Somalia returned to the attention of the U.S. national-security community after 9/11, as the result of a decision by bin Laden to dispatch lieutenants to the country. On the run in Pakistan, bin Laden was sprinkling his faithful across Muslim lands to reduce his movement’s vulnerability and diversify its recruiting base. The lack of a viable central government and the presence of Sunni Muslims made Somalia an ideal place to recruit followers, plan terrorist strikes, and hide from the Americans.
In 2006, a Somali-Islamic extremist group known as the Council of Islamic Courts took control of Mogadishu, driving out the feeble provisional government. The Council’s fighters swept into central and southern Somalia and seemed on the verge of consolidating control of the whole country. Neighboring Ethiopia, however, became so alarmed at the prospect of an extremist state on its borders that it unleashed its army. The Ethiopians handily defeated the Council, seizing Mogadishu in just a few days.
For U.S. special-operations forces, Ethiopia’s occupation of Somalia was a windfall. Arriving in Mogadishu together with the Ethiopian forces, American special operators set up shop alongside them. While the Ethiopians secured roads and swatted down lowly insurgents, the Americans nabbed al-Qaeda leaders.
But after the Ethiopians reinstated the provisional government, it remained incapable of governing effectively or organizing large security forces. Al-Shabab, an ascendant offshoot of the Islamic Courts Union, waged a vigorous, effective guerrilla war on the Ethiopian occupation forces, inflicting heavy casualties. To ease the burden on the Ethiopians, the UN Security Council decided in 2007 to deploy 8,000 African Union troops to Somalia for what would come to be known as African Union Mission in Somalia (AMISOM).
In early 2009, Ethiopia negotiated a peace agreement with the Islamists and withdrew its forces. The Ethiopians had scarcely crossed the border when the Somali Islamists breached the peace agreement. UN-trained Somali security forces were supposed to protect the transitional government, but they quickly crumbled once the Ethiopian buttresses had been removed. Extremist forces took control of Mogadishu and most of Somalia’s other territory. Radicals from around the world flocked to Somalia to join in the fun.

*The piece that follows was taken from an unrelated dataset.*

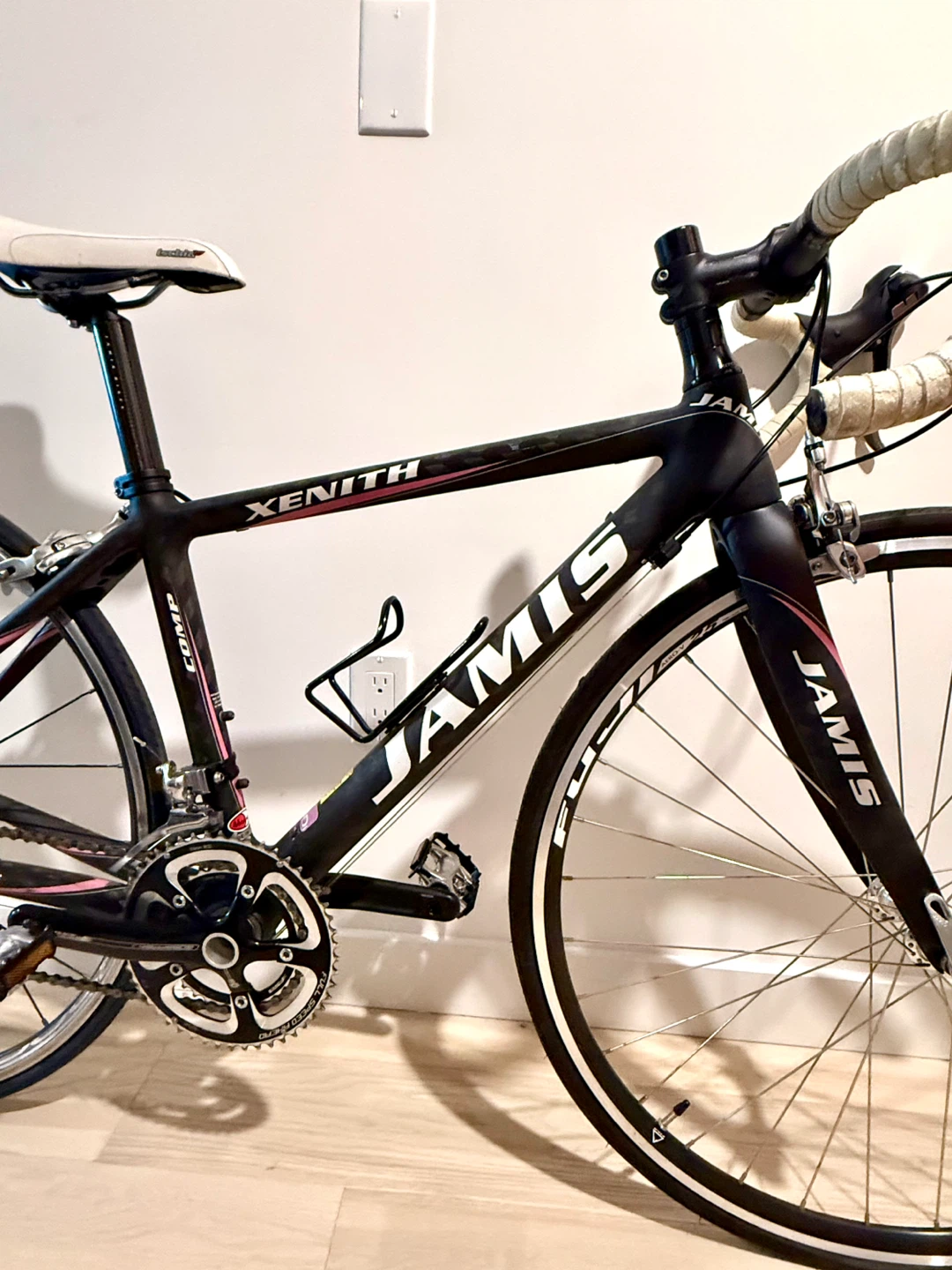 Jamis Carbon Road Bike – Ready to Ride! - photo 3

According to the FBI, at least 30 Americans joined al-Shabab by 2011, three of whom had carried out suicide attacks against African Union forces. Abdisalan Hussein Ali, a 22-year-old American of Somali extraction who had briefly studied chemistry at the University of Minnesota before disappearing in 2008, recorded a message to inspire future jihadists prior to blowing himself up. “Don’t just sit around, you know, and be, you know, a couch potato and just like, just chill all day,” he said. “Today jihad is what is most important. It’s not important that you become a doctor, or some sort of engineer.”